◆ **What you need to do**
Go through the following data and transcribe exactly the stretch of lines from the one holding "two plates with" to the one holding "Black 3D printed", both included.
==== Data supplied ====
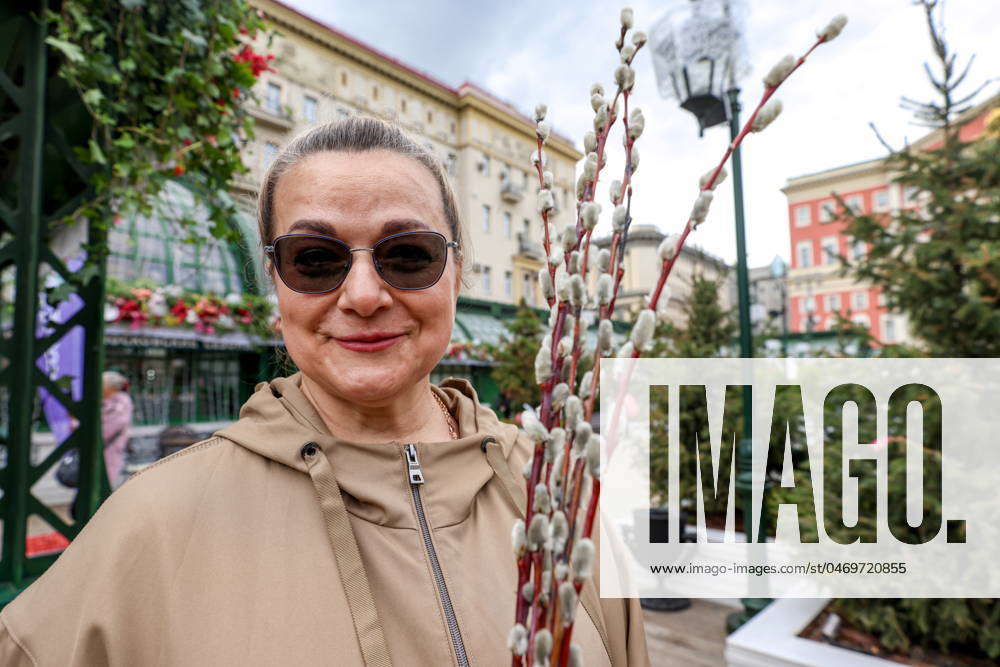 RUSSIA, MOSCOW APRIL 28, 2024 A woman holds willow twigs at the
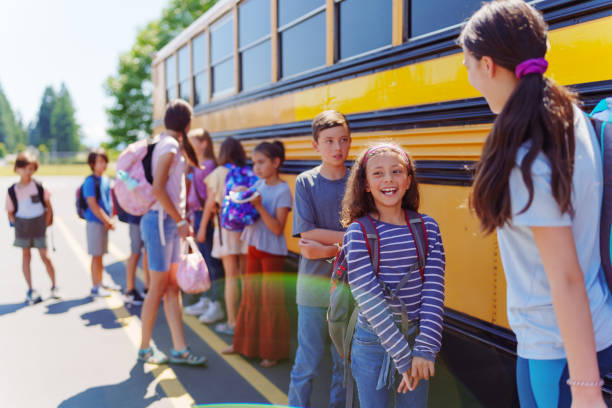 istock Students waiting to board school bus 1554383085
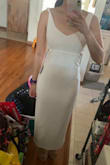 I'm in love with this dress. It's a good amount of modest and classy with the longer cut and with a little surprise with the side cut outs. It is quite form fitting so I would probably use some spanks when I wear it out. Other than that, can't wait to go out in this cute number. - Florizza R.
====
==== Data supplied ====
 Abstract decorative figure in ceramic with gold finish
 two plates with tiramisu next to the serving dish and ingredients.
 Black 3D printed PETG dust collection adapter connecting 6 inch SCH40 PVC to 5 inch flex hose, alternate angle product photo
====
◆ **Reply**
 two plates with tiramisu next to the serving dish and ingredients.
 Black 3D printed PETG dust collection adapter connecting 6 inch SCH40 PVC to 5 inch flex hose, alternate angle product photo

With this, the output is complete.